Internet privacy could be priority in next Congress
Thursday, November 4, 2010; 12:10 AM
A key Republican lawmaker indicated Wednesday that Internet privacy could be a legislative priority in the next Congress, as a growing number of data breaches draw increased attention from federal regulators.
Rep. Joe L. Barton (Tex.), ranking GOP member of the House Energy and Commerce Committee, signaled the legislative push in a statement about his correspondence with Facebook executives on privacy issues.
"I want the Internet economy to prosper, but it can't unless the people's right to privacy means more than a right to hear excuses after the damage is done," Barton said.
Such an effort on privacy would mark an exception to the otherwise hands-off approach that the incoming GOP majority is widely expected to take toward issues affecting the high-tech and telecom industries, including regulation of broadband networks.
Action on many tech-related matters has been cast into doubt after Tuesday's defeat of Rep. Rick Boucher (D-Va.), who for years has been a force behind tech-policy legislation, particularly on privacy.
But lawmakers remain under increased pressure to move in the face of rising consumer concern about the safety of personal information online. Government regulators in the United States and abroad, meanwhile, also are preparing to take a more aggressive role in enforcing privacy rules.
The Federal Trade Commission has investigated several recent cases of mishandled data and is expected to release a report within weeks recommending a framework for new privacy laws and guidance for Web firms.

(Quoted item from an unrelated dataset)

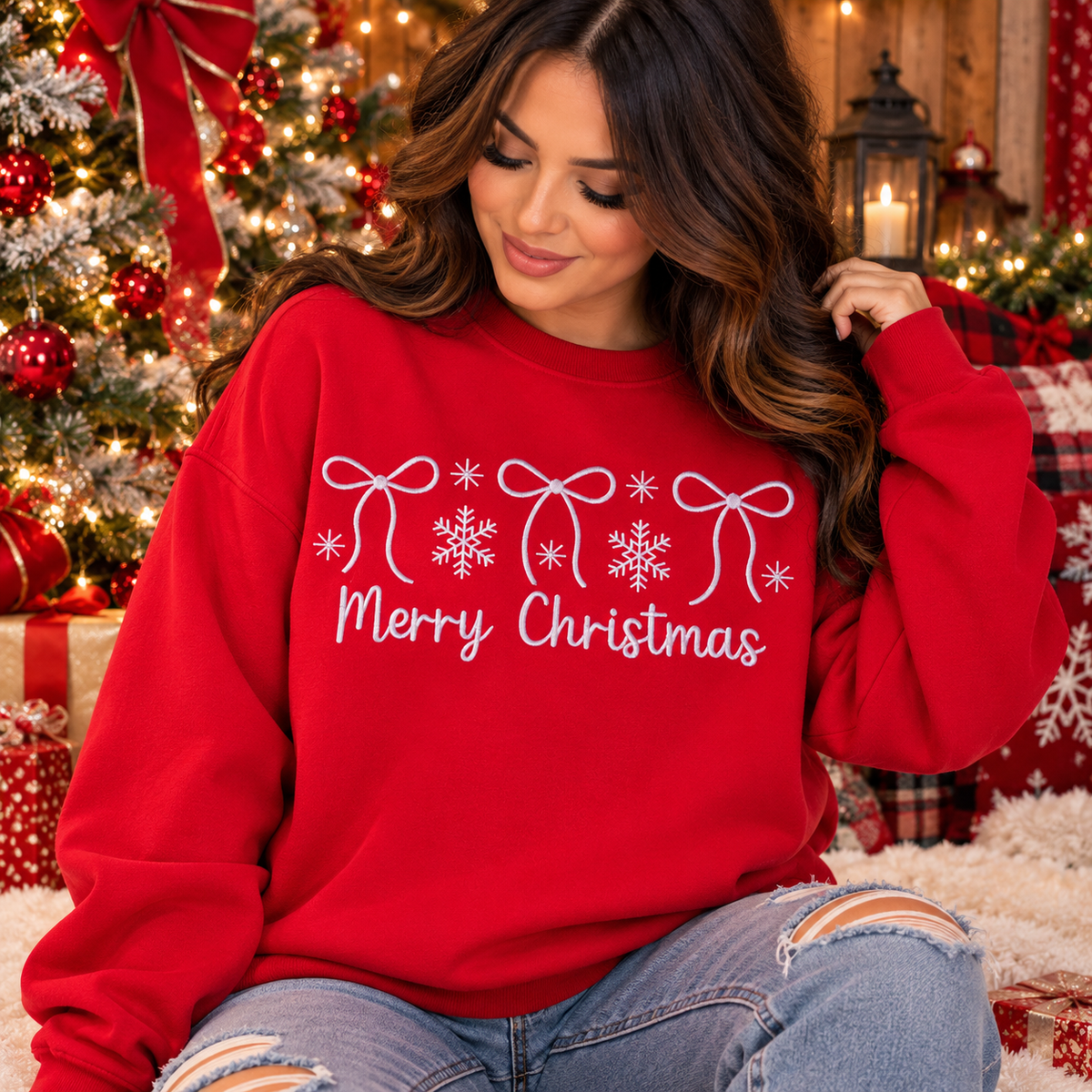 Embroidered Merry Christmas Crewneck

Regulators in Britain on Wednesday accused Google of violating privacy laws with its accidental gathering of e-mail and passwords from residential WiFi networks.

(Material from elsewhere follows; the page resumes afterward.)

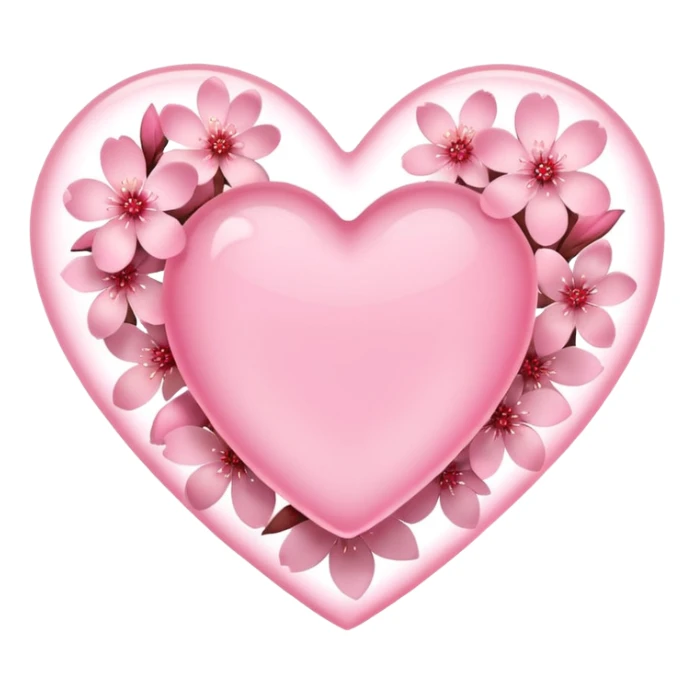 heart with sakura and a gentle sunrise sticker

Google said Tuesday that it had settled a class-action suit brought by Gmail users whose contact lists were exposed through social networking application Google Buzz, which resides in the e-mail program.
Analysts say the desire to protect consumers' personal information is shared by Republicans and Democrats alike and could result in new legislation in the next two years.
"Tech issues are prominent right now, and the ones that will get passed are the ones where industries understand that it is in their best interest to compromise, rather than wage political war to forestall any action," said Amy Mushahwar, a privacy lawyer at Reed Smith. "Privacy is an example of a less partisan issue that has the potential for movement, as compared to the clearly partisan battles of network neutrality."